Genève, 25 mai - Quelque 300 personnes (voir photos) ont manifesté samedi à Genève devant le siège des Nations unies pour exiger la libération au Belarus du professeur Iouri Bandajevski, un spécialiste de médecine nucléaire condamné en juin 2001 à huit ans de réclusion.
Une dizaine d'organisations françaises et suisses de défense des droits de l'homme et de l'environnement, notamment Amnesty International, la Criirad (Commission de recherche et d'information indépendantes sur la radioactivité), Greenpeace, les Amis de la Terre, la Fondation France-libertés, l'Association française des malades de la tyroïde, avaient appelé à ce rassemblement.

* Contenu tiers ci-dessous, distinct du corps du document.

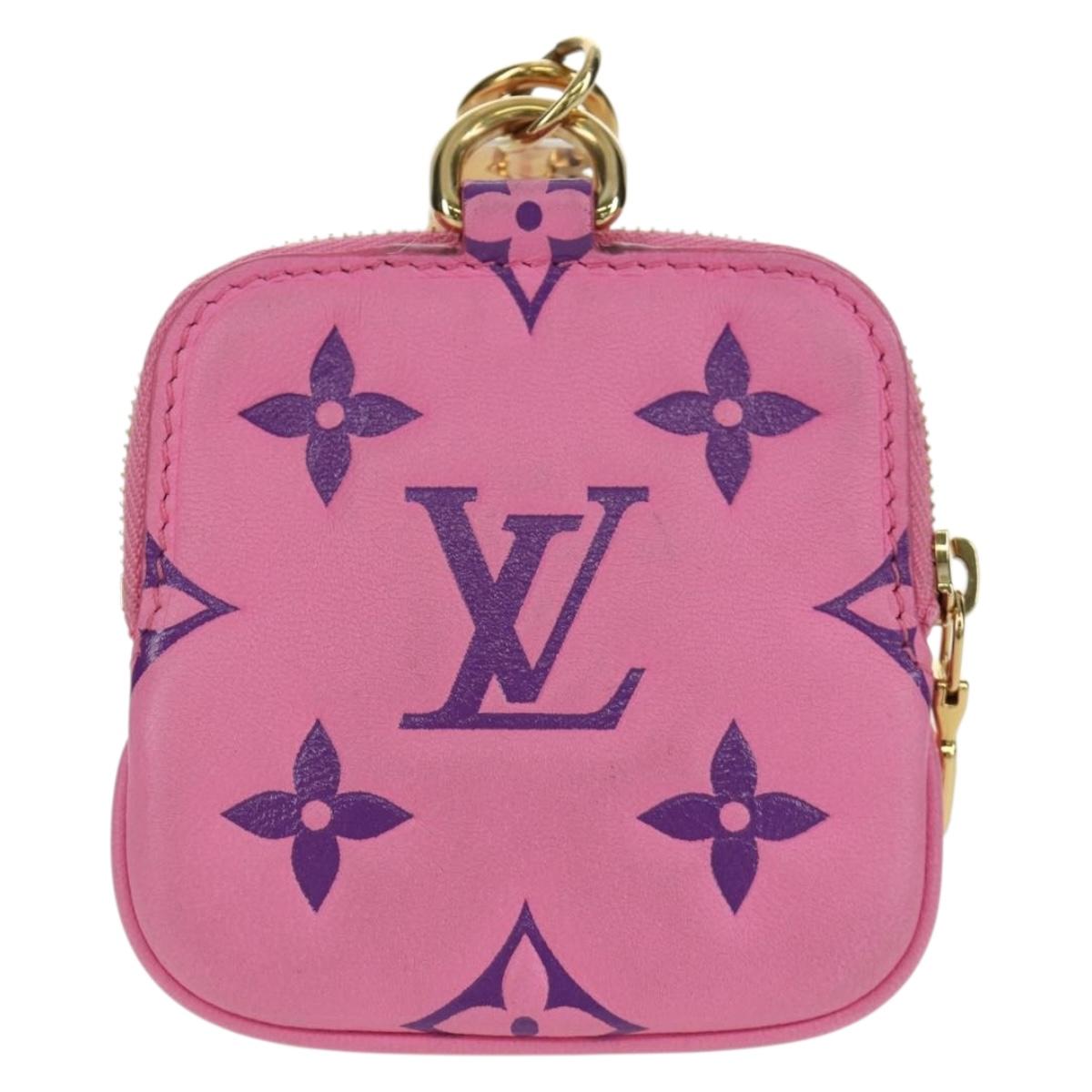 LOUIS VUITTON Monogram Lanyard Milty Pochette Coin Purse MP3072 LV Auth 172443M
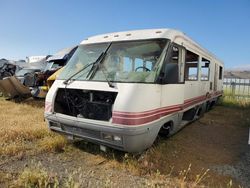 Salvage trucks for sale at Martinez, CA auction: 1992 Chevrolet P30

Le Pr Bandajevski, qui dirigeait un institut médical à Gomel (sud du Belarus), étudiait les effets de la radioactivité sur la santé des habitants des zones contaminées par la catastrophe de Tchernobyl , la centrale nucléaire ukrainienne se trouvant à quelques kilomètres seulement au sud de Gomel. Il a notamment accusé le pouvoir de son pays d'irresponsabilité dans la gestion des retombées sur la santé des populations.
Arrêté fin 1999, le scientifique a été condamné en juin 2001 à huit ans de réclusion pour "corruption" par la Cour militaire de Gomel.
"Il se trouve dans une prison à régime sévère, ce qu'on appelait autrefois le Goulag, mélangé à des prisonniers de droit commun, dans un milieu très violent. Selon sa femme qui l'a vu il y a 15 jours, outre ses problèmes de santé, il craque psychologiquement", a indiqué Roland Desbordes, président de la CRIIRAD.
Les manifestants ont déposé des pétitions à l'ONU demandant à la Commission des droits de l'homme d'examiner de toute urgence le cas du Pr Bandajevski. Ils se sont ensuite rendus devant le siège de l'Organisation mondiale de la santé, puis devant la mission du Belarus.
"Dictateur Loukachenko, arrêtez le nucléaire, pas les physiciens", pouvait-on lire sur leurs banderoles. Alexandre Loukachenko est le président du Belarus.
Près de six millions de personnes continuent de vivre dans des zones contaminées, dont 2,3 millions d'Ukrainiens, 1,8 million de Russes et 1,6 million de Bélarusses, selon les chiffres de l'ONU.